There is evidence that manufacturing has already started to whither away. UBS Securities notes that from 2002, when the loonie began its climb to parity, exports in real terms as a portion of gross domestic product have plunged 14 percentage points, representing 553,000 manufacturing jobs.
Equally, some firms have begun making the necessary adjustments, as reflected by an increase in foreign-based inputs and diversification in markets.
This week Statistics Canada noted Canadian exports to the United States dropped precipitously during the recession in 2009 due to a fall-off of demand. But, a closer look shows exports to the U.S. had been declining even before the recession.
Meanwhile, exports to other countries have risen 25 per cent since 2005, even counting last year’s decline, while sales to China have kept going north, rising by 55 per cent in the past five years.
That has coincided with a period in which the Canadian dollar has appreciated a whopping 60 per cent against the U.S. currency, but remained relatively stable against other currencies.
Hodgson believes some Canadian executives know what needs to be done, while others “don’t get it.”
“I’m struck by the fact that there’s a lot less moaning about the dollar this time compared to two years,” he said of those that are making adjustments.
“Everybody was looking for some sort of relief from government, (but) this time people are figuring out they are going to have to do it themselves.”
In a speech late last month, Bank of Canada governor Mark Carney called out Canadian executives for the country’s lagging productivity, saying governments’ had done their part in offering incentives and reducing taxes to give firms room to invest, but too few have taken advantage.

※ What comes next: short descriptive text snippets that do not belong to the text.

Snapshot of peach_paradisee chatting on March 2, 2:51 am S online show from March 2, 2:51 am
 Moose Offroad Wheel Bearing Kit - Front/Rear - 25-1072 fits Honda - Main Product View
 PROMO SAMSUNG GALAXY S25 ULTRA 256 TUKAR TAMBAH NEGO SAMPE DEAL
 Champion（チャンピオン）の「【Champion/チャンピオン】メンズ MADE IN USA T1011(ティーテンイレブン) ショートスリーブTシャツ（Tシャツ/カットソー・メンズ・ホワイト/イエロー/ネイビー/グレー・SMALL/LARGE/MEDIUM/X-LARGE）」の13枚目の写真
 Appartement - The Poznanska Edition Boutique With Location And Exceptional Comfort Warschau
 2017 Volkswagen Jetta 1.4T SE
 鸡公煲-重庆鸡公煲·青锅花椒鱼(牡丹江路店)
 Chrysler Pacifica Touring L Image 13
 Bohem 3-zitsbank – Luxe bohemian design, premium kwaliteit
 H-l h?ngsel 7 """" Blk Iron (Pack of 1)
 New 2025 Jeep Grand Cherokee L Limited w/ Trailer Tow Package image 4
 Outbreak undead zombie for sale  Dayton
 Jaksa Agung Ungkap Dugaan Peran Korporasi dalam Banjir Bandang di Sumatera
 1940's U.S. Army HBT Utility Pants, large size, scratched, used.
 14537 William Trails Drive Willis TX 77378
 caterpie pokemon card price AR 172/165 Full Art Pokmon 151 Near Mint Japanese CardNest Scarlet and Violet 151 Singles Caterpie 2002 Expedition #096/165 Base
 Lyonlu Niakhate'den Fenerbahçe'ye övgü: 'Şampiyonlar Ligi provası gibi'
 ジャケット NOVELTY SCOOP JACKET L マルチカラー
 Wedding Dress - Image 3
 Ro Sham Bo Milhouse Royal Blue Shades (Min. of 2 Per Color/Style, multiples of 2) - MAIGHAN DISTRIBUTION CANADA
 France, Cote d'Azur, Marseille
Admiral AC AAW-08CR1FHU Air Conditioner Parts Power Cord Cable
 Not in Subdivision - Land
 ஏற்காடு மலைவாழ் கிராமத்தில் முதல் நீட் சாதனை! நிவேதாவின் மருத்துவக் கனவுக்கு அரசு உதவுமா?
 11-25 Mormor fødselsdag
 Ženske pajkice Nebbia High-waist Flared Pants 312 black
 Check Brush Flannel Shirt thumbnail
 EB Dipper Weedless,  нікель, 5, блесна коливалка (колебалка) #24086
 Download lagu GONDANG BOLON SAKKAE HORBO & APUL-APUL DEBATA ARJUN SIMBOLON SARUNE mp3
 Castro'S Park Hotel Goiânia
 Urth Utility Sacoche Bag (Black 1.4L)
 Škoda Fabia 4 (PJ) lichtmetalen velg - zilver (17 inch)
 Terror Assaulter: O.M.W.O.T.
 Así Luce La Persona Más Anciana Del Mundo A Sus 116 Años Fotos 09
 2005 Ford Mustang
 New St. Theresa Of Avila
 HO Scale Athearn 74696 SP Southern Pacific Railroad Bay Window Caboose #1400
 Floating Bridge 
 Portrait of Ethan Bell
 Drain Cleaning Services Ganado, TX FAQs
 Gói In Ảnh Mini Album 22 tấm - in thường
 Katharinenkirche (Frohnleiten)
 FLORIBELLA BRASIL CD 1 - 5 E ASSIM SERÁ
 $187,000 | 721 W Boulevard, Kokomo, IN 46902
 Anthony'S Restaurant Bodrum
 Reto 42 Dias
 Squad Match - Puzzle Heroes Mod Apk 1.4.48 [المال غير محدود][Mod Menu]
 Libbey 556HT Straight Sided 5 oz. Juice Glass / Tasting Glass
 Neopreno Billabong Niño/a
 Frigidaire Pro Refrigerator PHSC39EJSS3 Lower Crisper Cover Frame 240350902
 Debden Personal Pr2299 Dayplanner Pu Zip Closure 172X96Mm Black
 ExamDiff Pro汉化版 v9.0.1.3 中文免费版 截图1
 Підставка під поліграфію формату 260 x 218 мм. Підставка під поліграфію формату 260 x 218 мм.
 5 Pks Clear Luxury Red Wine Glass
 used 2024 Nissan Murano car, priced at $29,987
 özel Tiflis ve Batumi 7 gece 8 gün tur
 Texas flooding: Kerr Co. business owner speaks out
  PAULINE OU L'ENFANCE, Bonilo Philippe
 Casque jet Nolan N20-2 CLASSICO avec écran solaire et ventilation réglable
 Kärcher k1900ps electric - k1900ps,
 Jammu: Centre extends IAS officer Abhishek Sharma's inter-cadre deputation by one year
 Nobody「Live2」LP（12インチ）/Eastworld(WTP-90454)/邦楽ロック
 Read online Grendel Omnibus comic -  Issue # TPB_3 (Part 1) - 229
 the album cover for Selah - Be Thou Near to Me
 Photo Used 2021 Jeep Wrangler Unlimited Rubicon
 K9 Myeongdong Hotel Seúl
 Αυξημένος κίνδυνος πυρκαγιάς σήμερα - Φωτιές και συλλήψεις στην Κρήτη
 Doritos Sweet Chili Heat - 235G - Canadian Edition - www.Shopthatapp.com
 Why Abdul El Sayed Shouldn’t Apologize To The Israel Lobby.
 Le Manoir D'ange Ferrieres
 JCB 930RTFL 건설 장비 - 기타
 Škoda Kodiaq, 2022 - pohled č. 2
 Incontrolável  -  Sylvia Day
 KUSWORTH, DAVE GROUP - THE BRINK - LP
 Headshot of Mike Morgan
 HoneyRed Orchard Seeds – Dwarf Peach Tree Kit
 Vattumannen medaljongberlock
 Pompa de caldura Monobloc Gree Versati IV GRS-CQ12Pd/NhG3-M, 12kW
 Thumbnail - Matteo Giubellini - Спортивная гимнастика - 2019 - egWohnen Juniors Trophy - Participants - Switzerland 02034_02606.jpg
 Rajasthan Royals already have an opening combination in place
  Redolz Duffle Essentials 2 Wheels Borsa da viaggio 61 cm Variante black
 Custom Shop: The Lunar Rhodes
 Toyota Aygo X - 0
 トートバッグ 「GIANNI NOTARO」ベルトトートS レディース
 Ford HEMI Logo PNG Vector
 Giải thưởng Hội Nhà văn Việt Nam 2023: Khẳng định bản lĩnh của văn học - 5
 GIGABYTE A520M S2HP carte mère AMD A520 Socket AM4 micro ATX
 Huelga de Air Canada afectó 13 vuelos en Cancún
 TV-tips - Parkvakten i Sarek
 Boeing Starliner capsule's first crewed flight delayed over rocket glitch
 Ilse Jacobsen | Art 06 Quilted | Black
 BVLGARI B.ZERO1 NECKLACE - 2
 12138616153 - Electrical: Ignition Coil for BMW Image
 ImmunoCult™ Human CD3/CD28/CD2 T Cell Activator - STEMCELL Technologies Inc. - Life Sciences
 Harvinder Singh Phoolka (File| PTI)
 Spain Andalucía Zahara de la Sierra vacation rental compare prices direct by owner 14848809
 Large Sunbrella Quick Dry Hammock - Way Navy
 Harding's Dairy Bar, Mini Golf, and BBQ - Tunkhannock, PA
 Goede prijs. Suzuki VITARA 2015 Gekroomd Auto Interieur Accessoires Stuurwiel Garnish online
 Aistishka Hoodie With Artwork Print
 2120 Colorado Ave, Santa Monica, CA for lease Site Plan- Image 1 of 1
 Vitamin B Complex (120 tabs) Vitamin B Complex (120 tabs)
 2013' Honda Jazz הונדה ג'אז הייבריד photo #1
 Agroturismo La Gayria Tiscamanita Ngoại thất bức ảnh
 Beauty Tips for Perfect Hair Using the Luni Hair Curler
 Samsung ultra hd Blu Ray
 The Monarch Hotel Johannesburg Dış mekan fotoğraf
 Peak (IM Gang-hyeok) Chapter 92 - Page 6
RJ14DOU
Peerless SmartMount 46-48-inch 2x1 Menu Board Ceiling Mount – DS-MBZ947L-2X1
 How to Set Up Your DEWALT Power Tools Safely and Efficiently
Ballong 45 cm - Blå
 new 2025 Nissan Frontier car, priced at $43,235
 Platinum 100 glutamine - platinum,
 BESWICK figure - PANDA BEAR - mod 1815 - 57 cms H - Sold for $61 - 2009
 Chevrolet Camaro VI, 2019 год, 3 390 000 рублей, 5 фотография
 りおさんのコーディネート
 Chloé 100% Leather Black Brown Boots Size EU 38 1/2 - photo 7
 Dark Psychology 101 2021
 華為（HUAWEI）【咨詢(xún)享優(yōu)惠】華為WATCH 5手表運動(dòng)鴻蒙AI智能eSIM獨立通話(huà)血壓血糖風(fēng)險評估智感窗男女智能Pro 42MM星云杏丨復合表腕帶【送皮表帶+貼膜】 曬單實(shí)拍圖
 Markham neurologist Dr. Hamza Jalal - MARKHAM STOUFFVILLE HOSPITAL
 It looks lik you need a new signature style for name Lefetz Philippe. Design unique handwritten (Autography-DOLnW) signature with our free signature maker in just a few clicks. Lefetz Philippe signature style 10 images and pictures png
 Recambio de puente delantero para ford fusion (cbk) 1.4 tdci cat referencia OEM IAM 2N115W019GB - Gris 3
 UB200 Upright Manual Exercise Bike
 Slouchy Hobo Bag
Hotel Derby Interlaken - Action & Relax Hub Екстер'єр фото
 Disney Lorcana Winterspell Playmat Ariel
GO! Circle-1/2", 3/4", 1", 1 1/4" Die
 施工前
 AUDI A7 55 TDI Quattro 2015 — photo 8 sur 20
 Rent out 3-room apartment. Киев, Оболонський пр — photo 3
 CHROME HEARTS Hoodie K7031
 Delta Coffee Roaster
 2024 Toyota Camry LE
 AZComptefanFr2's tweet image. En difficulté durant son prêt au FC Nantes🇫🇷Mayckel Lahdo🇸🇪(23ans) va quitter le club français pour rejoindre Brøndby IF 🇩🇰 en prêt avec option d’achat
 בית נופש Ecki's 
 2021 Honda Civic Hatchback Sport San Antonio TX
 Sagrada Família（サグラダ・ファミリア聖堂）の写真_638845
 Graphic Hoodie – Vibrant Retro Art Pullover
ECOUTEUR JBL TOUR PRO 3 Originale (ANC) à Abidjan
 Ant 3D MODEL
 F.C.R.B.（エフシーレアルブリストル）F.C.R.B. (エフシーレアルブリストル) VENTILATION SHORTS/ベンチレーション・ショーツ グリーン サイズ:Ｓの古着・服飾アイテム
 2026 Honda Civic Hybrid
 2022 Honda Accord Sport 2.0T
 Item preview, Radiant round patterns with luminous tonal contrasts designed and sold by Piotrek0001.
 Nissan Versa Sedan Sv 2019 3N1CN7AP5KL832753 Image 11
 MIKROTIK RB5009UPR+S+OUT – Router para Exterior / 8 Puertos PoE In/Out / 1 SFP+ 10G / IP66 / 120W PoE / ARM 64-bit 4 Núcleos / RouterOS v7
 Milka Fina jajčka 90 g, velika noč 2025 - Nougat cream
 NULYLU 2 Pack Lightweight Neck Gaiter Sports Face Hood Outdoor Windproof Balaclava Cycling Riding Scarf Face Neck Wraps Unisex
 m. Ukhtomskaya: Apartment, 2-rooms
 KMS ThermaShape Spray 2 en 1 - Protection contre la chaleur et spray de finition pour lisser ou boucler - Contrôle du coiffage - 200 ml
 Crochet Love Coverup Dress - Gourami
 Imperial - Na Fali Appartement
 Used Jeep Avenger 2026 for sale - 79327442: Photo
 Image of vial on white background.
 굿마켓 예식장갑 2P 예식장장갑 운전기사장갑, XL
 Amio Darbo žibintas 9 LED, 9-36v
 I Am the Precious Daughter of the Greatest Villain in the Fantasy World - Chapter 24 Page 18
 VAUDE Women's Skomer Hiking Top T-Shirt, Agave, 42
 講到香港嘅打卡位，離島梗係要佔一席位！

The central banker cited an eye-popping statistic that goes to the heart of the woeful productivity record in Canada, about half the growth of the U.S. in the past decade — Canadian workers have about half the amount of information and communications technology of their American counterparts.
Jayson Myers of the Canadian Manufacturers and Exporters agrees that some of the criticism is justified, but only to a point.
“I think a lot of companies get it, but it’s not easy and it also costs money,” he said, noting firms must identify new markets, make contacts, get into supply chains, invest in new equipment and machinery, and often re-configure their product mix.
“One reason that companies have been slow to diversify is that the U.S. is such a great market for existing products.”
A benefit of low productivity is more jobs, since it necessarily takes more working hours to produce to same output as in high-productive countries.
That is one reason Canada has outperformed the U.S. in terms of jobs during the recession, having picked up about 180,000 net workers since July, and was expected to gain another 25,000-30,000 in March when data is released Friday.
By comparison, the U.S. had dropped more than twice as many jobs during the recession, relative to population, and only posted its first significant jobs gain in two years last month. U.S. productivity has sky-rocketed during the recession, while in Canada it continues to stagnate.
Economists say such short term gains in job protection leads to long term problems for any economy, including industries withering away and lower incomes.
The Conference Board report lists four choices ahead for Canadian businesses. Only two are good ones.
The easy choice is to do nothing and watch as a commodity-driven currency undercuts manufacturing competitiveness. The second is adopting a fixed exchange rate, which the think-tank says won’t happen and shouldn’t.
The only options that can work, it says, is boosting productivity and becoming more international in terms of deriving more low-cost inputs abroad, and selling products beyond the U.S.